__GIVEN RECORDS__.
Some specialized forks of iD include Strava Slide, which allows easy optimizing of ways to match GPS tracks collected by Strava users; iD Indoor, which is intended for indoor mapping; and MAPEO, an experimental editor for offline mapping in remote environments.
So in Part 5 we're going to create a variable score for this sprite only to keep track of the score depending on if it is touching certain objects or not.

==

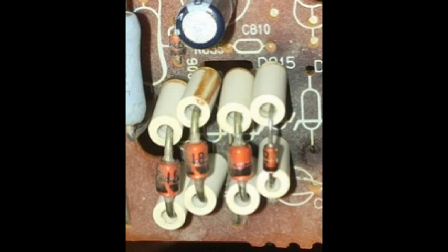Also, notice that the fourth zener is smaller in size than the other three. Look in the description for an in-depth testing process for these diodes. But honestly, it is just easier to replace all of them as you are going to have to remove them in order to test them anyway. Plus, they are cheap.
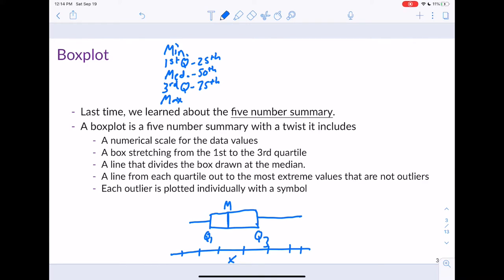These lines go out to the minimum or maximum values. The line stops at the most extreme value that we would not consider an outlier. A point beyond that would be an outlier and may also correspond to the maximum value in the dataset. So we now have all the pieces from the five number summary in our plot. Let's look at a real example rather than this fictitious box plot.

==

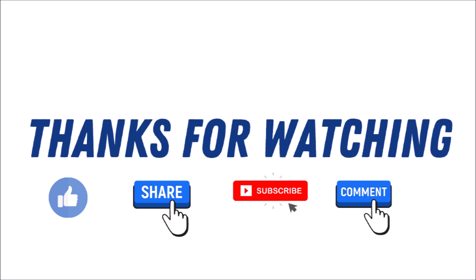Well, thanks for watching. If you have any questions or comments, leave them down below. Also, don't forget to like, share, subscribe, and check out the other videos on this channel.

__WHAT TO PRODUCE__. Above are some lines. Repeat exactly, and only, those from the line that has "Some specialized forks" through the line that has "So in Part 5".

__SOLUTION TO THIS TASK__.
Some specialized forks of iD include Strava Slide, which allows easy optimizing of ways to match GPS tracks collected by Strava users; iD Indoor, which is intended for indoor mapping; and MAPEO, an experimental editor for offline mapping in remote environments.
So in Part 5 we're going to create a variable score for this sprite only to keep track of the score depending on if it is touching certain objects or not.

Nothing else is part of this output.